Supplied data:
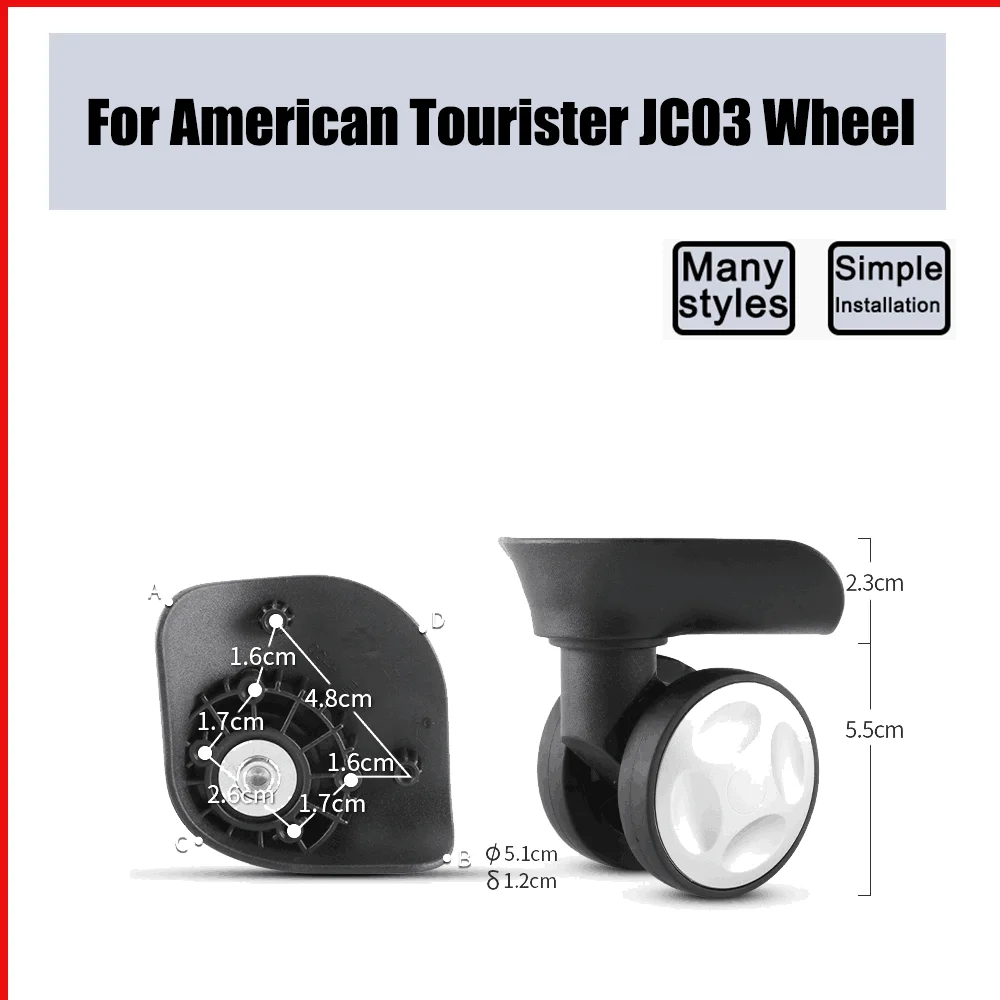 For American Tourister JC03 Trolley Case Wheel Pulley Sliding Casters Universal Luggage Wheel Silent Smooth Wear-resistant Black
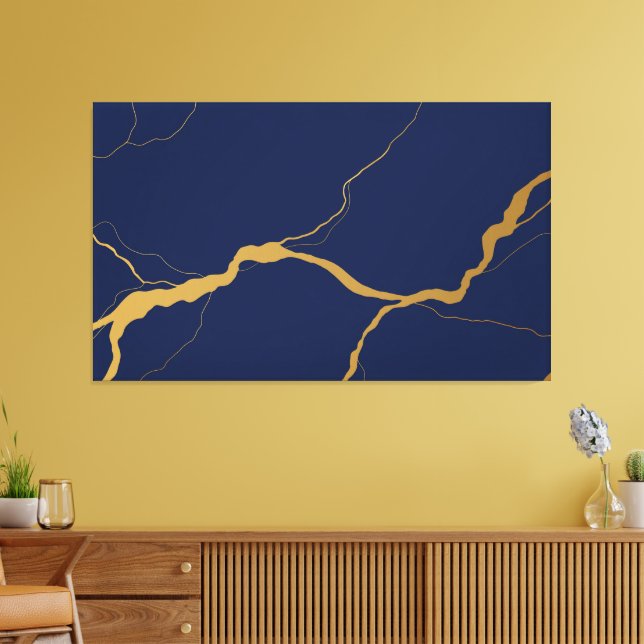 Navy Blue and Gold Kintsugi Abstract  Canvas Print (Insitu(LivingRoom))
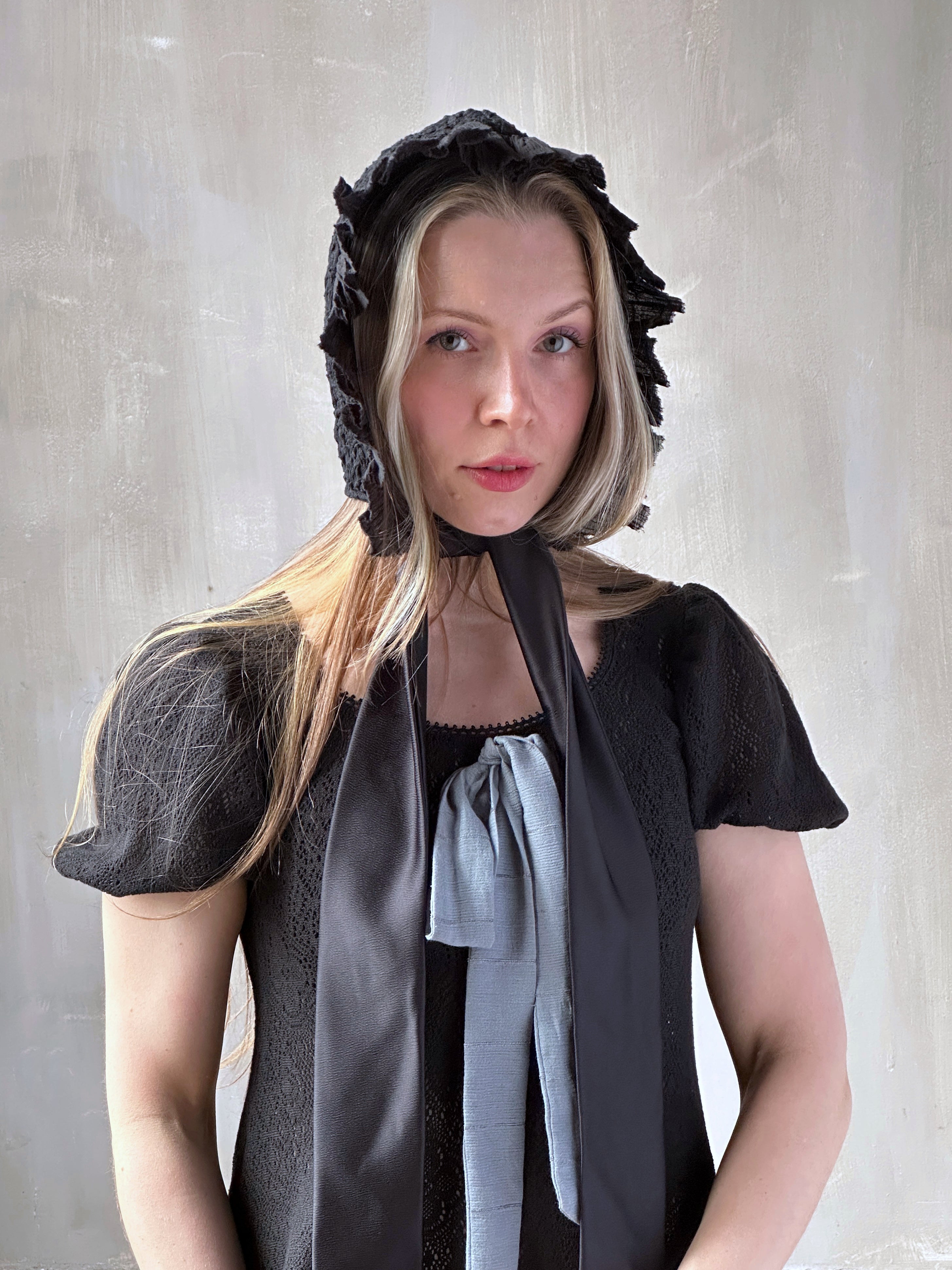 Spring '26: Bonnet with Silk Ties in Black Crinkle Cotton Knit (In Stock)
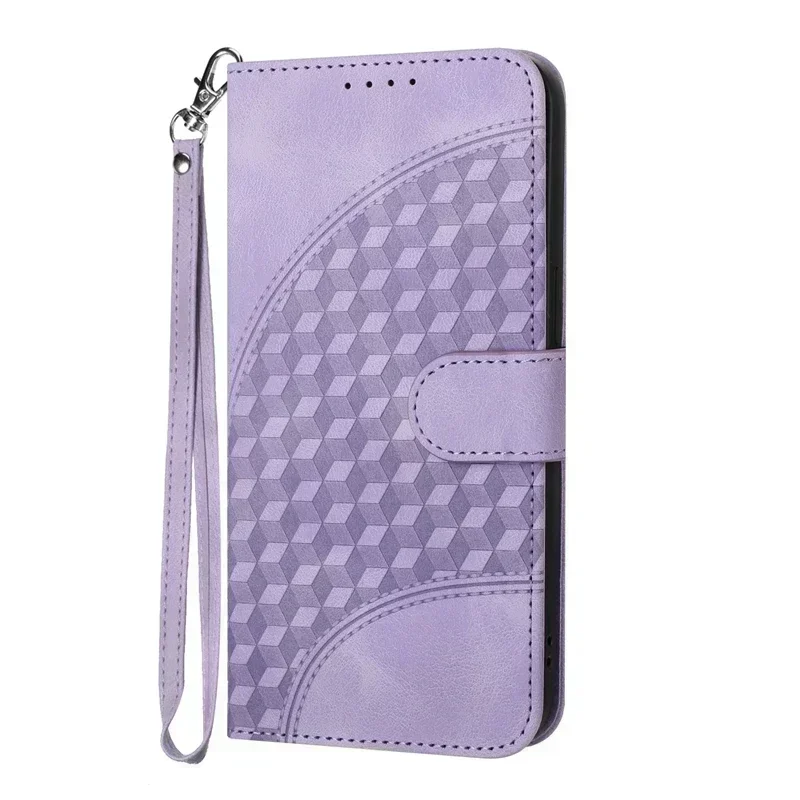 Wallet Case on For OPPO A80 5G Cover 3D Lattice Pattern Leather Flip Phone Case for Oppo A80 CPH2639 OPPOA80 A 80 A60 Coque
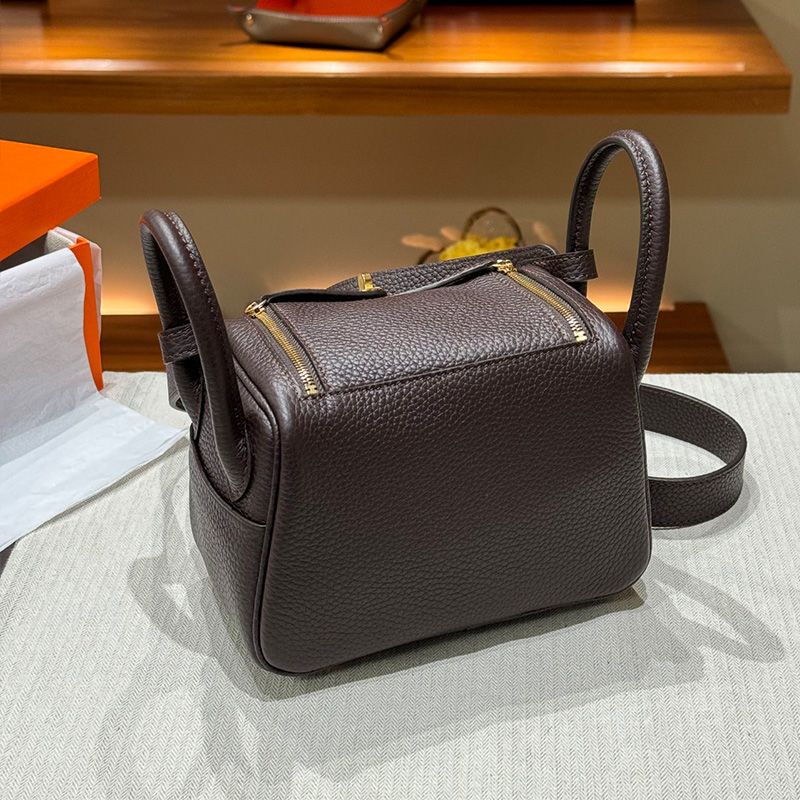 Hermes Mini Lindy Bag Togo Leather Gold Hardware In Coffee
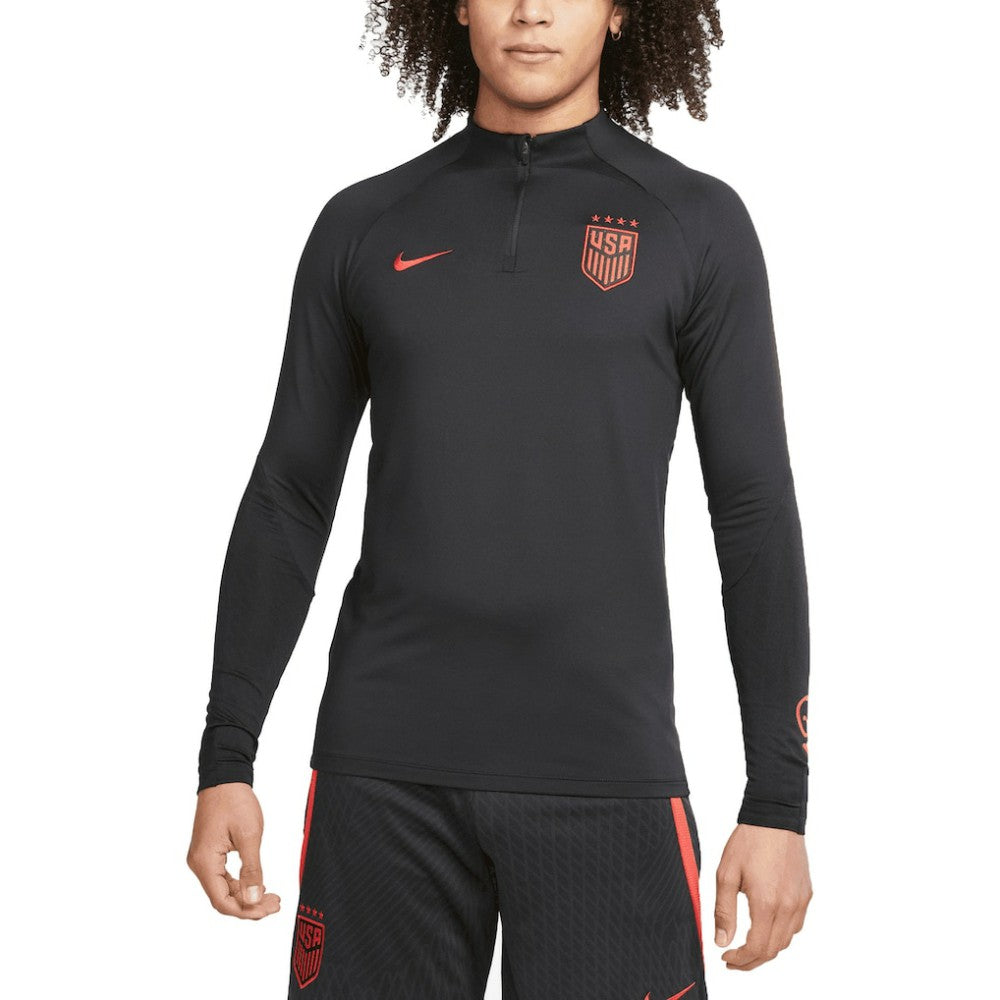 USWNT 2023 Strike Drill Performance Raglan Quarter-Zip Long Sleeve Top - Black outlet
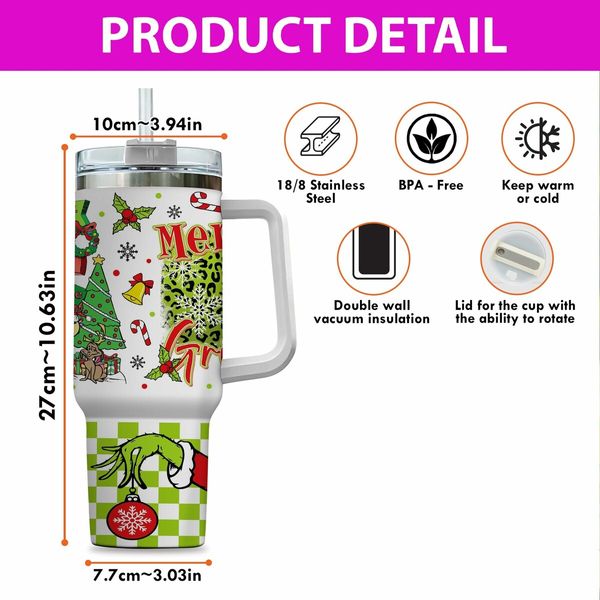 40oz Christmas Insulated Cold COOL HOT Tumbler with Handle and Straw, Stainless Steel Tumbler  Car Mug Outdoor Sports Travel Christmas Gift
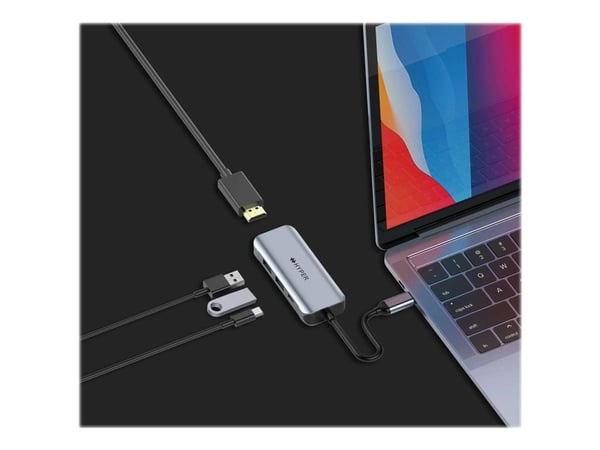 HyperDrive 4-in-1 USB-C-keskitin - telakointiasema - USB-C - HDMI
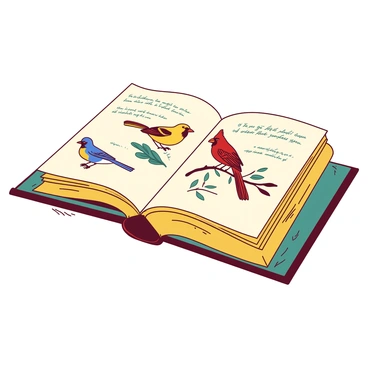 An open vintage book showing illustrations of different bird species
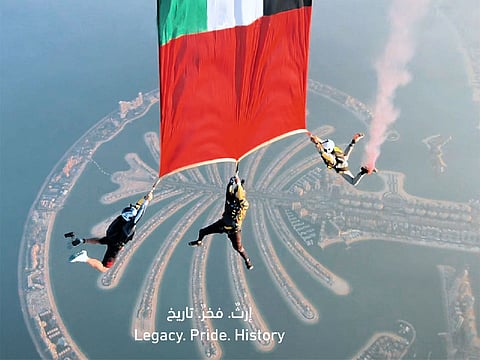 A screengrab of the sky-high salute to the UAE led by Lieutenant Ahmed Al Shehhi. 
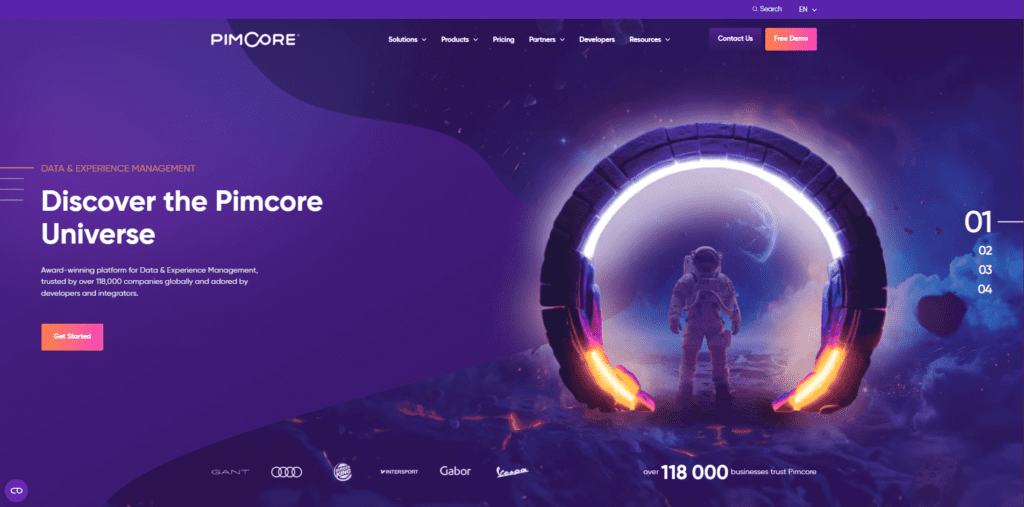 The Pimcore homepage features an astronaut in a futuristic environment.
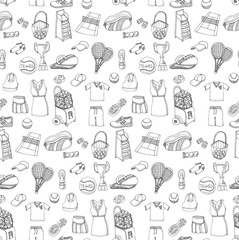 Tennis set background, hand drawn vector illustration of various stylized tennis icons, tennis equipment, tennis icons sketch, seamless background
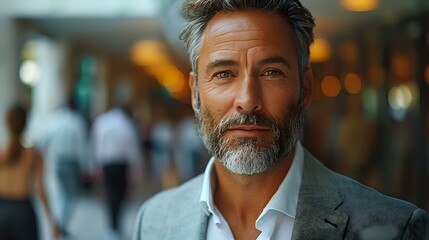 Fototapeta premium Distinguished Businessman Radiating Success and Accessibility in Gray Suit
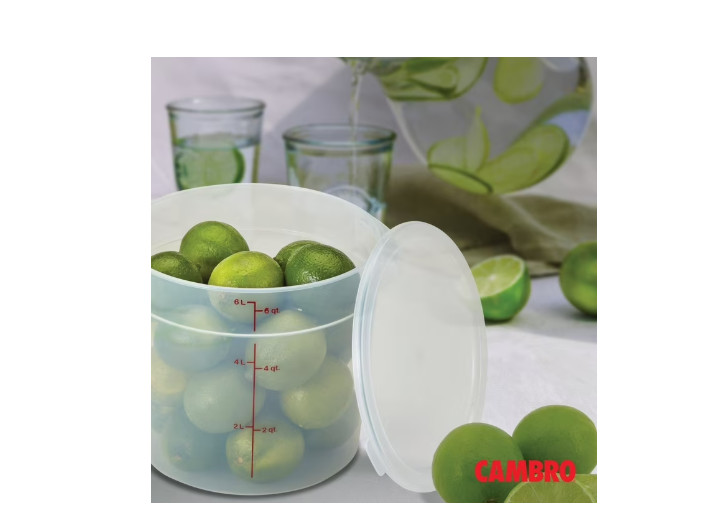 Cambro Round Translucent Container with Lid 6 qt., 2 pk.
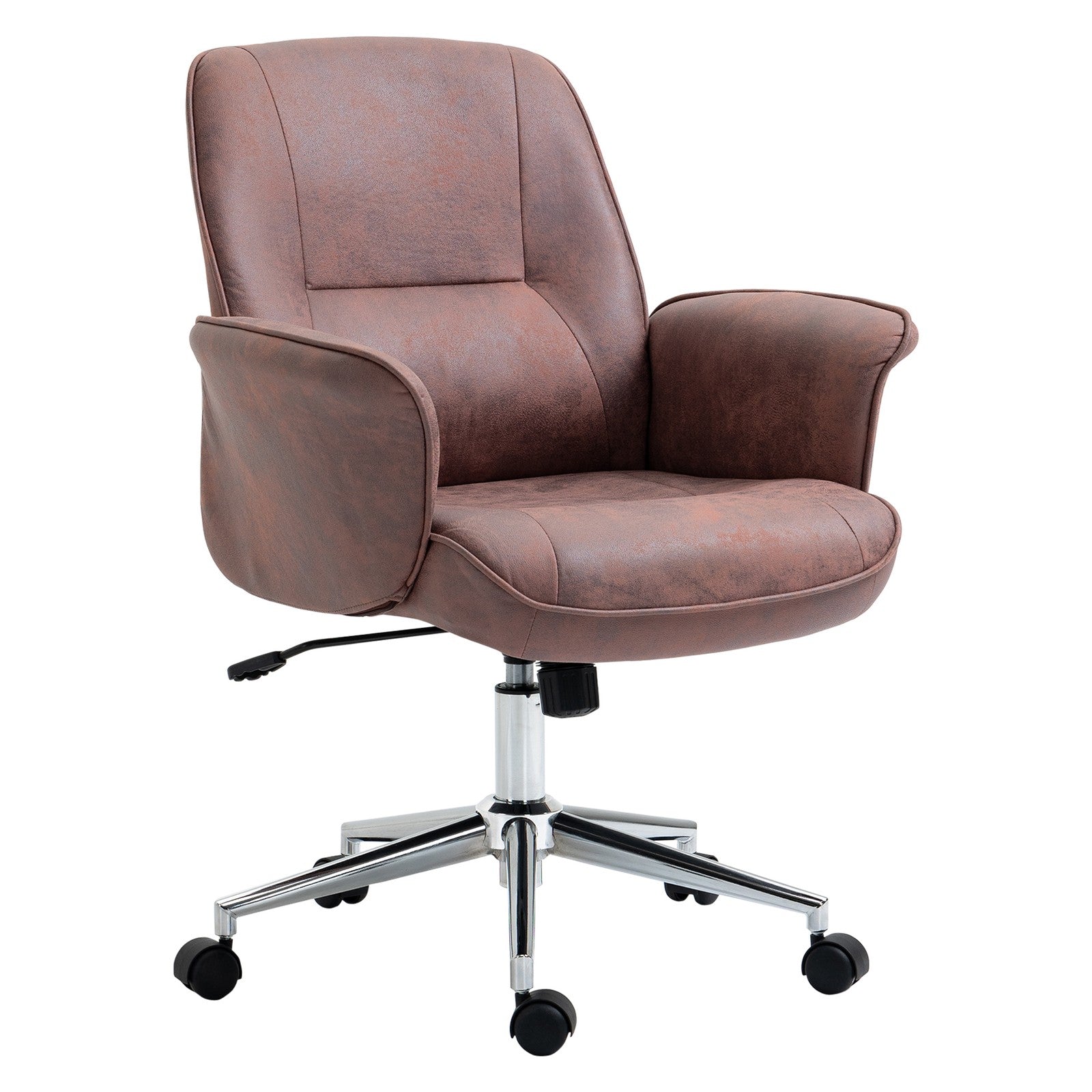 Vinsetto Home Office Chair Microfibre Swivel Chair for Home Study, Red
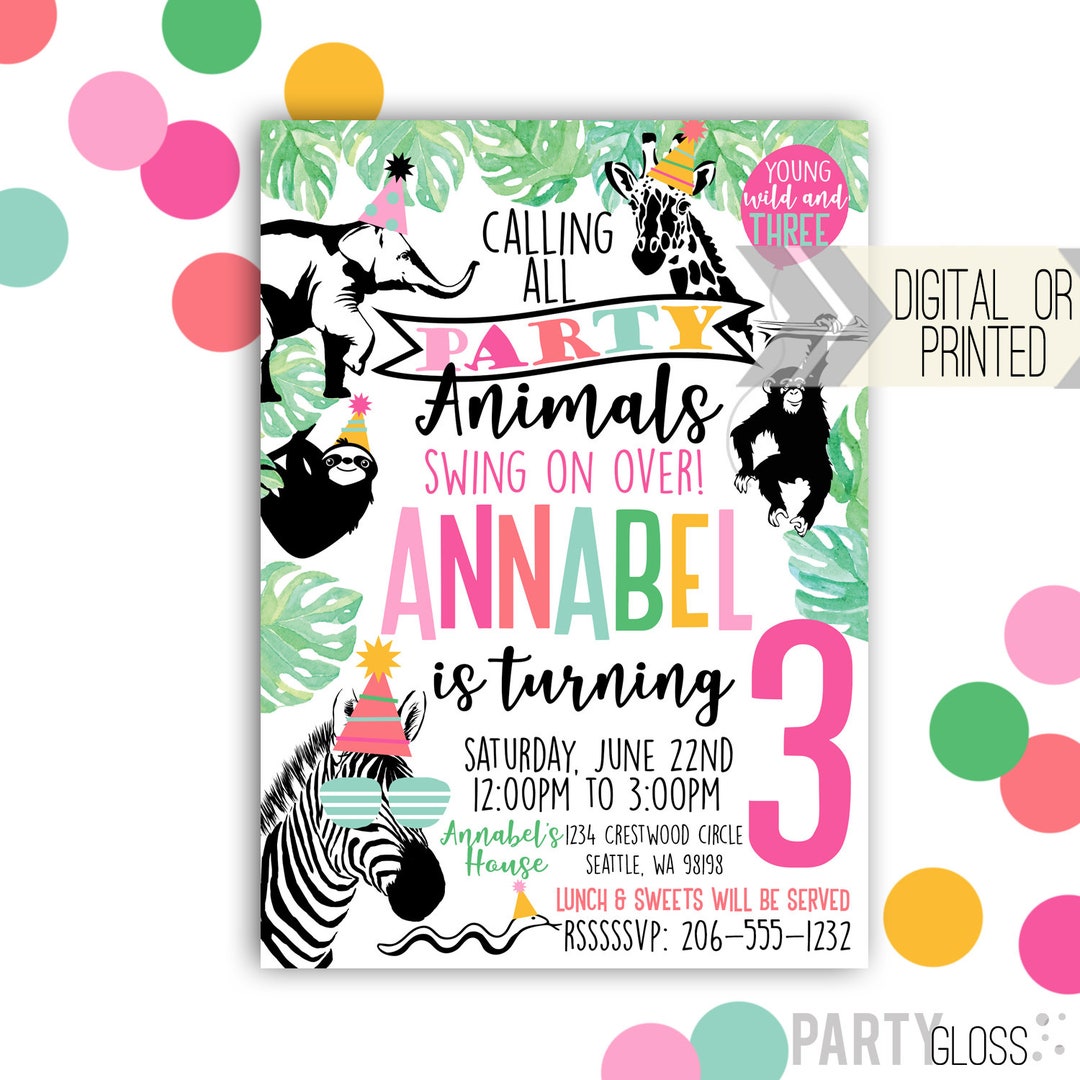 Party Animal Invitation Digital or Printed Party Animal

Work required: Nothing but the lines from the one containing "HyperDrive 4-in-1 USB-C-keskitin" through the last line of the records above should appear, each repeated exactly, with no pictures.

Task output:
 HyperDrive 4-in-1 USB-C-keskitin - telakointiasema - USB-C - HDMI
 An open vintage book showing illustrations of different bird species
 A screengrab of the sky-high salute to the UAE led by Lieutenant Ahmed Al Shehhi. 
 The Pimcore homepage features an astronaut in a futuristic environment.
 Tennis set background, hand drawn vector illustration of various stylized tennis icons, tennis equipment, tennis icons sketch, seamless background
 Fototapeta premium Distinguished Businessman Radiating Success and Accessibility in Gray Suit
 Cambro Round Translucent Container with Lid 6 qt., 2 pk.
 Vinsetto Home Office Chair Microfibre Swivel Chair for Home Study, Red
 Party Animal Invitation Digital or Printed Party Animal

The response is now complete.